HISTORIQUE

CRÉATION D’AMITIÉS D’AUTOMNE

Le quartier de la Pie est certainement le quartier de Saint-Maur où l’on compte le plus grand nombre de personnes âgées.

En 1979 conscient de cette situation et du manque de structure à caractère social adéquate dans ce quartier, un ami : le Docteur MAMBRÉ distingué gérontologue et Maire-adjoint dans la nouvelle Assemblée Municipale, m’a demandé si j’acceptais de fonder, à la Pie, une association pour venir assister les personnes âgées qui pouvaient avoir en besoin d’aide.

Bien entendu j’ai accepté, mais il me fallait trouver l’équipe capable de mener à bien cette mission. Ce fût relativement facile, l’idée de cette association ayant reçu un accueil favorable auprès de toutes les personnes contactées.

Dans cette équipe, je devais donc m’occuper des formalités administratives, mais il y avait aussi Madame Denise DETOURNAY ancienne directrice d’école, qui devait être chargée du développement des activités et Monsieur Bernard VINCENS, éminent juriste, de la rédaction des statuts de l’association.
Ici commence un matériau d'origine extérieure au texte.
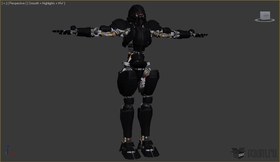 Assault robot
Après les formalités d’usage auprès des Autorités Administratives compétentes, nous avions la satisfaction de lire dans le Journal Officiel de la République du 19 octobre 1979 la création à Saint Maur d’une association dénommée « AMITIÉS D’AUTOMNE ».

AA-Jen-JauresDans l’attente de l’ouverture d’un foyer logements, à cette époque en construction avenue d’Arromanches et où nous devions nous installer, le Maire nous avait prêté un tout petit pavillon situé avenue jean Jaurès mais qui avait besoin d’une sérieuse remise en état. Nos amis tous bénévoles se sont donc transformés en peintres, poseurs de moquette etc… Et nous avons pu débuter nos actions dès avril 1980 avec l’aide indispensable d’une jeune secrétaire que nous avions embauchée.
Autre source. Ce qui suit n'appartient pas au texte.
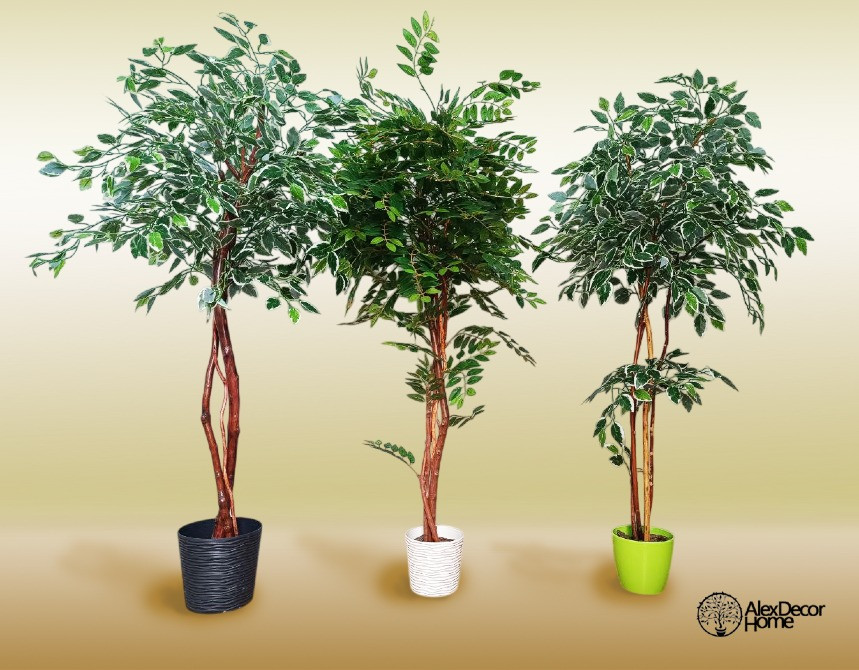 Штучні дерева, для інтер'єру. Фікус Бенджаміна. Гліцинія. Николаев - изображение 2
cropped-balcon17.jpgMais il fallait préparer notre installation dans nos nouveaux locaux du 21, avenue d’Arromanches dont nous devenions propriétaire. Nous devions donc trouver l’argent nécessaire et là encore cela n’a pas été facile. Avec le Docteur MAMBRE nous sommes allés vanter nos mérites auprès des dirigeants de la DDASS et insister sur le caractère indispensable de notre implantation dans le quartier de la Pie. Il faut croire que nous avons été suffisamment persuasifs puisque nous avons obtenus une subvention relativement importante qui a pu être complétée, après bien des démarches, par un prêt de la Caisse d’Assurance Vieillesse et un autre de la Caisse des Dépôts et Consignations. En juin 1982 nous pouvions entrer dans nos locaux définitifs.
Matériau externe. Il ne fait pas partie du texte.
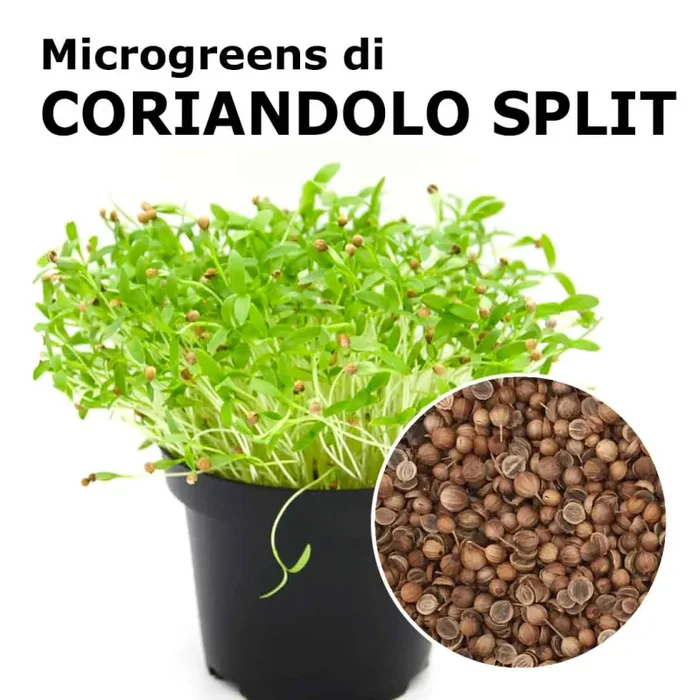 Semi per microgreens – Coriandolo Split Giano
Avec Madame DETOURNAY nous pensions qu’AMITIES D’AUTOMNE ne devait pas être seulement un Club où les gens se rencontrent pour jouer aux cartes ou bien participer à un voyage. Bien sûr, ces activités sont indispensables et nous les organisons comme l’on peut le voir plus loin. Mais les plus âgés ne doivent pas être écartés de la collectivité et leur expérience peut toujours être profitable à la société. C’est ainsi qu’avec Monsieur DAYAN, Directeur de l’école toute proche, nous avons organisé des déjeuners communs à la cantine avec les enfants. Nous avons également trouvé des correspondants à PFORZHEIM notre ville jumelle en Allemagne ; quoi de plus réconfortant que de voir des hommes qui ont combattu l’un contre l’autre durant la dernière guerre, devenir des amis.

Lors de notre Assemblée Générale de 1982, Madame Denise DETOURNAY terminait son rapport moral ainsi : « notre époque semble découvrir la place que tiennent les personnes isolées dites “âgées” dans notre société.

Autrefois leur rôle n’était contesté par personne, les Anciens ont toujours personnifié l’expérience. Ils participaient à l’éducation des jeunes et transmettaient oralement la tradition. Ils étaient honorés et respectés. On considère maintenant comme vieux celui qui a cessé d’exercer une activité professionnelle. Il en résulte souvent pour la retraité un sentiment d’inutilité et de découragement. Pourtant à 55 ou 60 ans une longue période s’ouvre encore devant le nouveau retraité. Il lui faut s’adapter ». C’est, en fait, l’analyse de cette situation qui a toujours guidé notre réflexion pour la mission que nous avons voulu donner à AMITIES D’AUTOMNE.